### Assignment
Please repeat exactly the lines from the one containing "placeholder image sq" to the end of the entries below, both included, and omit all pictures.

### Records supplied
Content starts

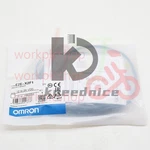 2PCS New Omron E2EX2F1 Proximity Switch Sensor E2E-X2F1 #us. Fixed Price $102.27.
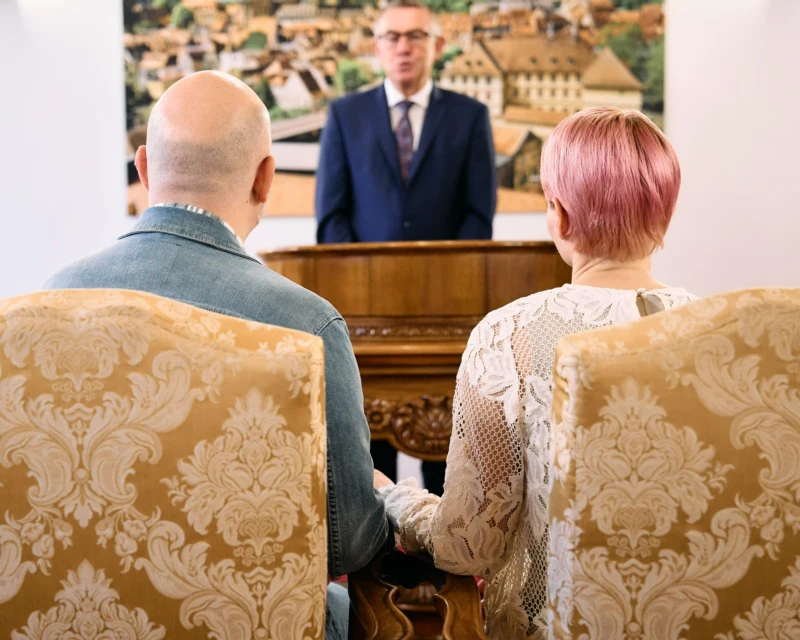 placeholder image sq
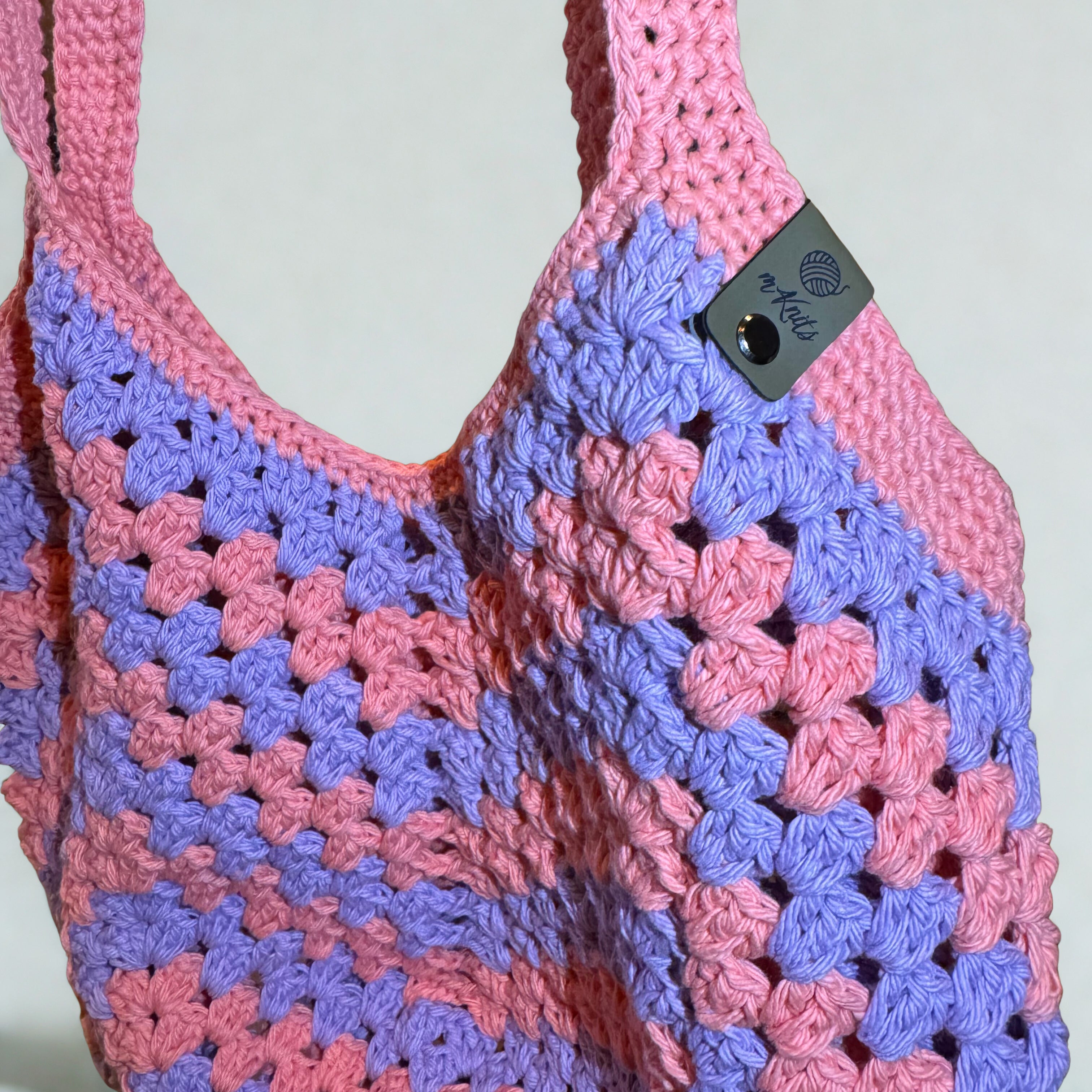Rocco bag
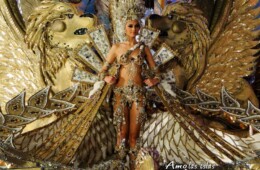 reina del carnaval de tenerife santa cruz 2016 al 2015 eleccion de la reina del carnaval tenerife islas canarias 2017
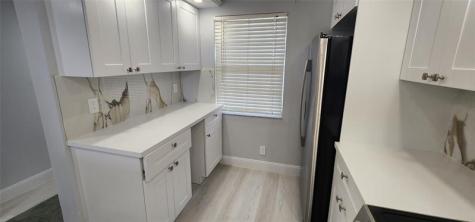 3503 Oaks Way Pompano Beach FL 33069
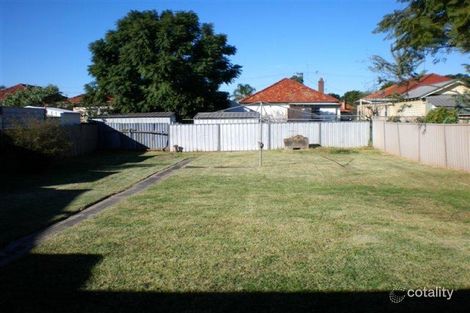 Property photo of 22 Brett Street Georgetown NSW 2298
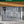 Silverware Drawer Organizer, Gray (9 Slots)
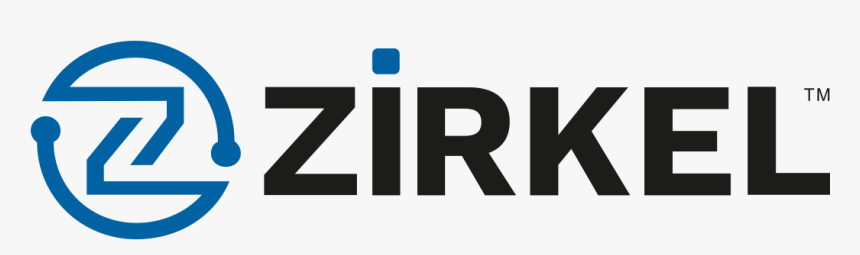 Zirkel Wireless - Sign, HD Png Download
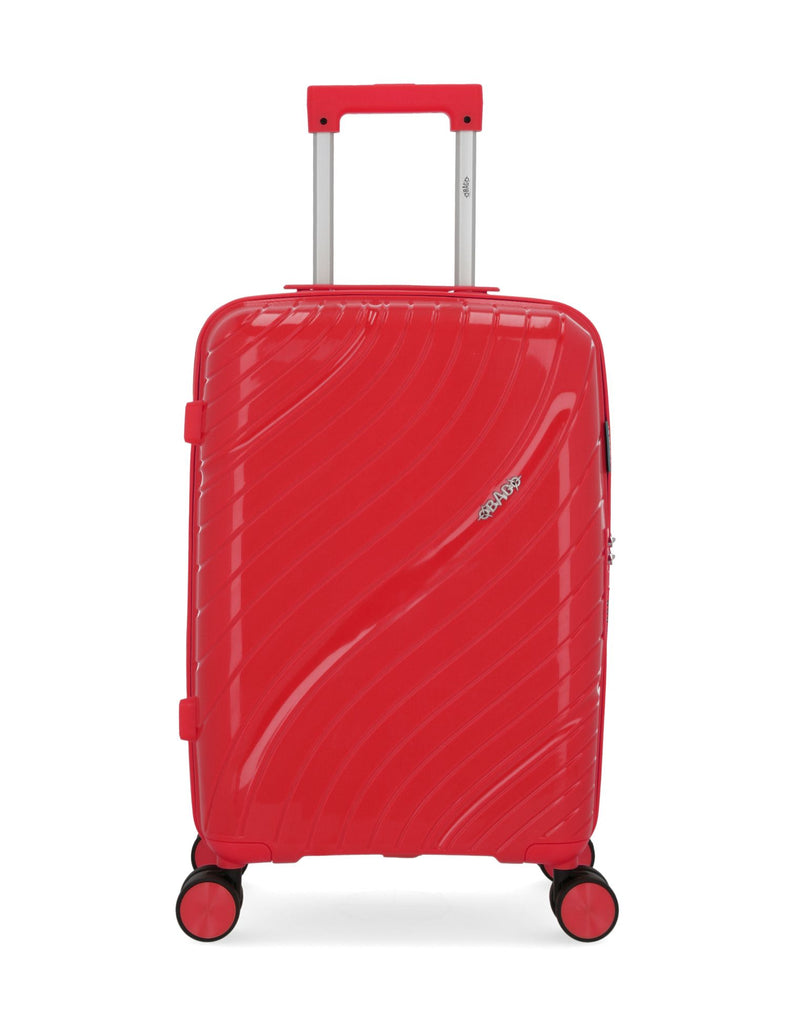 OBAGO – 2er-Pack – Handgepäck und Handgepäck XS LYRA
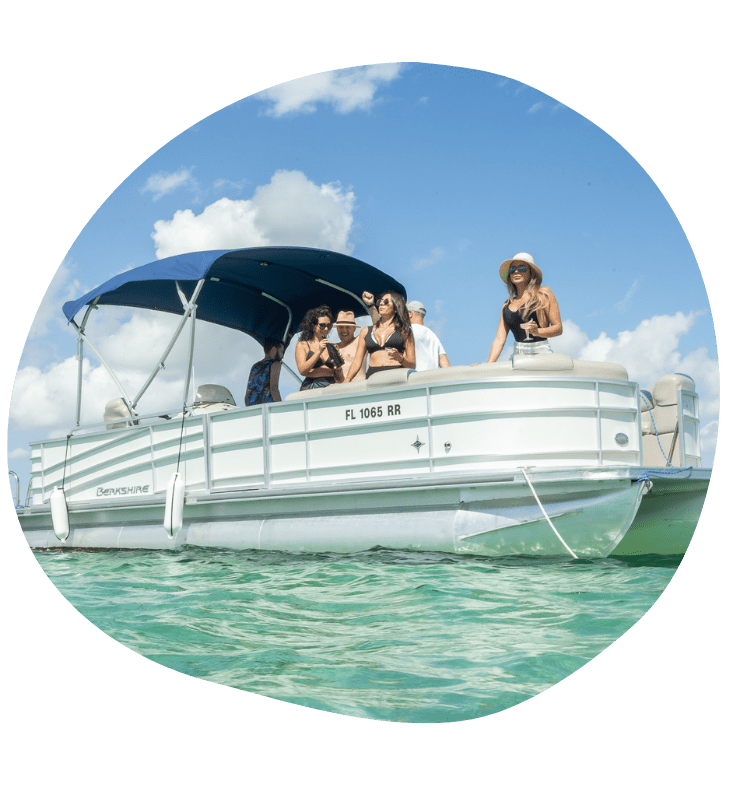 Our Services Boat Rental Yacht Rentals Captain Neptune's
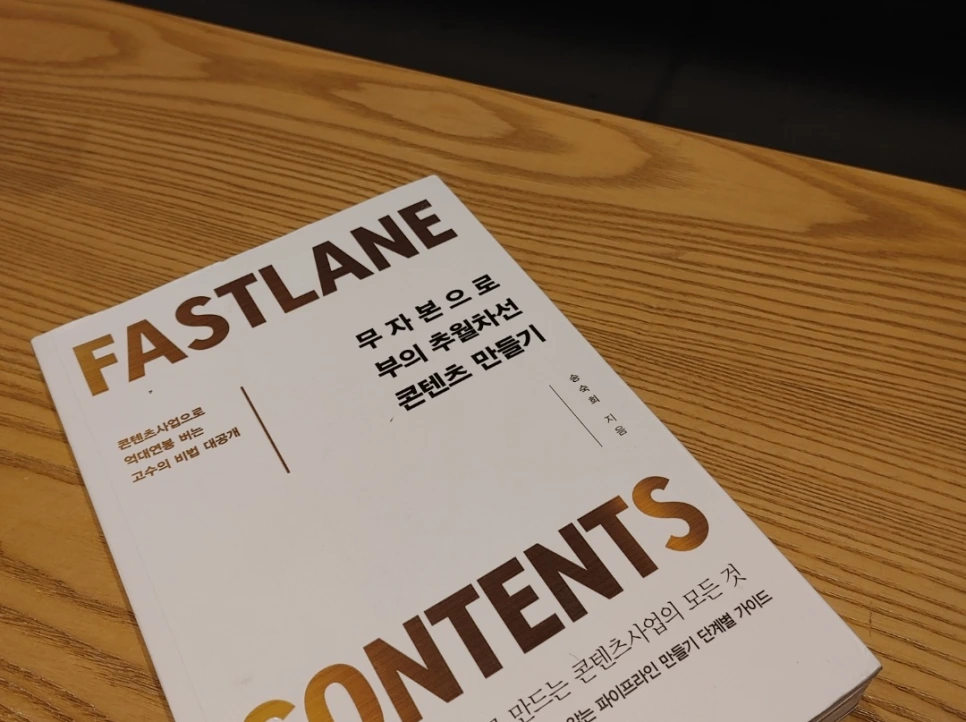 SE-9f00e416-e057-4fc3-b9ee-48d8068518ed.png?type=w966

Content ends

### Task solution
 placeholder image sq
Rocco bag
 reina del carnaval de tenerife santa cruz 2016 al 2015 eleccion de la reina del carnaval tenerife islas canarias 2017
 3503 Oaks Way Pompano Beach FL 33069
 Property photo of 22 Brett Street Georgetown NSW 2298
 Silverware Drawer Organizer, Gray (9 Slots)
 Zirkel Wireless - Sign, HD Png Download
 OBAGO – 2er-Pack – Handgepäck und Handgepäck XS LYRA
 Our Services Boat Rental Yacht Rentals Captain Neptune's
 SE-9f00e416-e057-4fc3-b9ee-48d8068518ed.png?type=w966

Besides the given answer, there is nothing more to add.